Friday, 27 February 2015

Getting to know the schools

Yesterday morning we spent visiting the two schools we'll be working with in the project.  Well, a little bit of shopping for water and internet and other things at the bottom of Maslow's hiearchy of needs.  Well some packing too, as we needed to bring the kit for the first afternoon's workshop. It's so great working on a bigger project with a team and a kit budget again, but sometimes I feel like I've sold out compared to when research was a four hour bus journey out of Madurai with a spare lungi, a notebook and an audio-recorder.  Maybe I 'll miss this simplicity when I'm using a crew bus, or a research ship.

Anyway, the schools are in Blantyre rural district - not too far outside the city.  The first, Matindi, is just off the main road to Lilongwe, and we reached it in about 30 minutes by car.  There were a lot of children, working in much simpler conditions compared to a UK school, but the first impression was one of order and purpose.  And people - lots and lots of children.

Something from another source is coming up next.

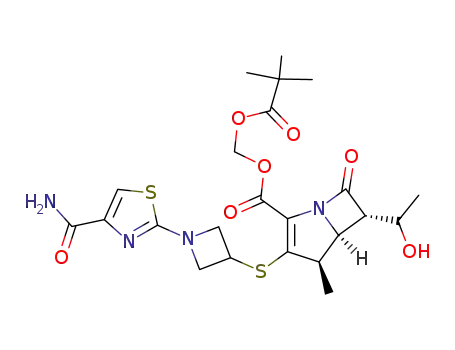 pivaloyloxymethyl (1R,5S,6S)-2-[1-(4-carbamoyl-1,3-thiazol-2-yl)azetidin-3-yl]thio-6-[(R)-1-hydroxyethyl]-1-methylcarbapen-2-em-3-carboxylate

After some introductions and visiting some classrooms and the Mary's Meals' school feeding scheme, we set off for the other school, Nasonjo, which was further back towards town, but well off the main road.  Again we were made welcome and shown around, even sitting in on one of the lessons for a while.

Some initial impressions:

  • It's a challenging environment to teach in, with limited facilities.  Classes sizes up to 120 sometimes.
  • Education in important here, families are behind their kids and there's an active engagement with the communities around them, at least in these two schools.
  • There are lots of extra projects going on - forest gardens, a headmaster's house, a library, and so on and so on.
  • The head teachers organise everything on their walls.  It's so easy to forget that computers aren't essential for working on things.
  • Children who can't reach one school (because for example there's no bridge from their side of the river) might be at another school for several months, and then show up back again.
  • Hysteria and 'orphan' are special needs categories, along with some more familiar ones.